Saygı, insanlara kendisinin önemsendiğini ve değer verildiğini gösteren söz ve davranışlardı
Saygı, genel ahlak kurallarına aykırı olmamak kaydıyla, insanların düşüncelerine, inançlarına, ibadetlerine, adetlerine, gelenek ve göreneklerine, yaşam tarzlarına… değer verip, anlayışla karşılamak, dikkatli, özenli ve ölçülü davranmaktır.
Saygı, gerektiğinde insanın yaşadığı çevreye, içinde bulunan canlılara ve sahip olduğu nimetlere değer vermesi ve onları korumasıdır.

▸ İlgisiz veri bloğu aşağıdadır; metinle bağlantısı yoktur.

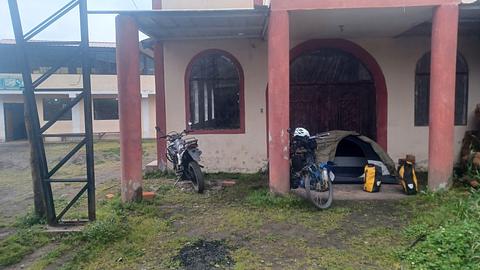 Igreja de Santa Clarita e Área Esportiva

Saygı, değeri, üstünlüğü, yaşlılığı dolayısıyla bir kimseye veya bir şeye karşı dikkatli, özenli, ölçülü davranmaya neden olan bazen sevgiden, bazen kişilikten kaynaklanan davranışlardır.
Saygı, karşındaki insanın varlığını olduğu gibi kabullenmek ve onun düşüncelerini, dinlenmeye değer olduğunu ona hissettirmektir… İnsanları dinlemek, farklı olanı anlamaya çalışmak, onu yargılamamak saygılı ve erdemli bir davranıştır.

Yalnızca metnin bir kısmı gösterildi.